Etihad Airways plans to ramp up its seats and flights to India in the coming months, including tripling the capacity on its routes between Abu Dhabi and Mumbai and New Delhi, the airline said yesterday.
The announcement comes after a petition was filed in India’s supreme court this week questioning the links between the recent Abu Dhabi-India air service bilateral agreement, which allows increased capacity between the destinations, and Etihad’s plan to buy a stake in Jet Airways as part of a US$600 million deal.
Its planned increase in seats and flights would be subject to regulatory approval, Etihad said.
The additional capacity would benefit both Abu Dhabi’s and India’s economies, it said.
“Following the recent signing of a new air services agreement between India and the UAE, we now have the opportunity to add significant capacity between the two countries, not only meeting existing demand for trade and tourist travel but also ensuring that we can meet the continued strong growth which is expected between our two countries,” said James Hogan, the president and chief executive of Etihad. “The big winners will be our passengers and freight customers and the economies of India and Abu Dhabi.”
By the end of this year, Etihad wants to increase its flights between Abu Dhabi and Mumbai and Abu Dhabi and New Delhi from daily to double-daily.
It also wants to use wide-bodied Airbus aircraft for some of the flights. Etihad also intends to start using new Airbus A321s, which seat 174 passengers, for its Chennai flights to replace its 136-seat Airbus A320 flights.
“Subject to regulatory approval, Etihad also intends to codeshare on a wide range of flights operated within India by Jet Airways,” Etihad added.
Etihad at the beginning of this month extended the deadline for regulatory approvals on the Jet Airways deal to the end of the month. The agreement was first announced in April and it was cleared by India’s foreign investment promotion board in July, but the stake purchase still has to be approved by the cabinet committee on economic affairs.
Mr Hogan added that India was “one of the world’s fastest-growing destinations, and a key market in the growth strategy of Etihad Airways”.
In another development, Tata Sons and Singapore Airlines said yesterday that they have signed an initial agreement to establish a full-service airline in India and are jointly seeking approval from the Indian government for it.
Tata Sons, which controls India’s diversified Tata Group, will own a 51 per cent stake in the new venture, while Singapore Airlines will have the rest, according to a joint news release.

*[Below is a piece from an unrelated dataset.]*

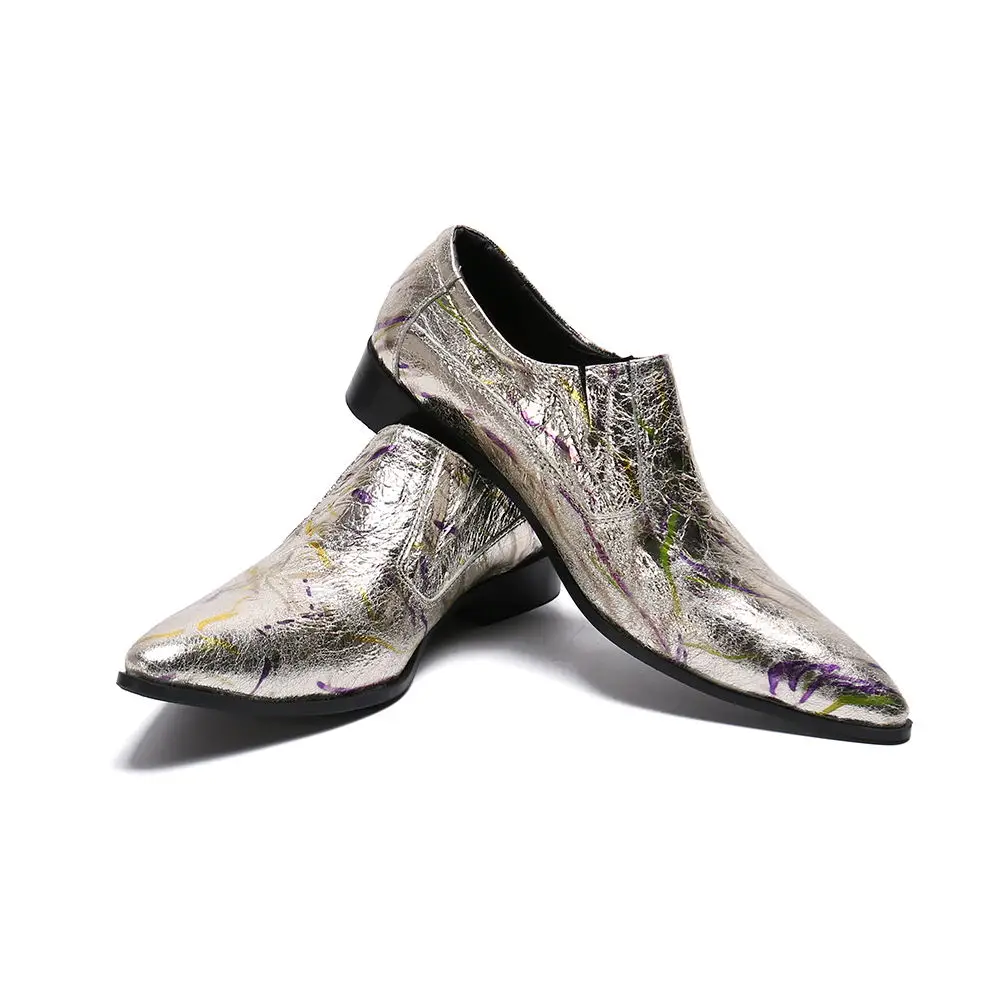 Mocassin homme sapatos натуральная кожа блестящая сталь острый носок формальное платье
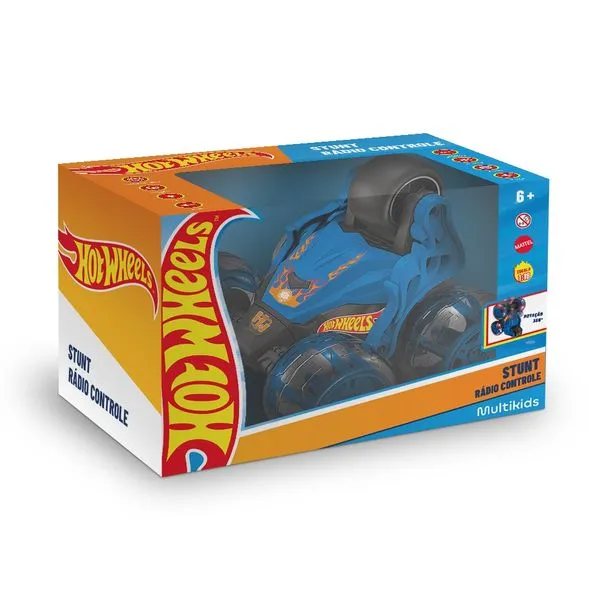 Rc Hot Wheels - Stunt - 4 Canais - Azul - Luz e Som - BR2476 BR2476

“The Indian aviation industry is projected to experience future high growth rates,” Singapore Airlines said in a statement. “The recent Indian government decision to allow foreign airlines to invest up to 49 per cent in Indian carriers provides an opportunity for SIA to participate directly in one of the fastest-growing and largest aviation markets globally.”
Tata Sons had earlier signed a separate agreement with AirAsia to set up a low-cost airline in India.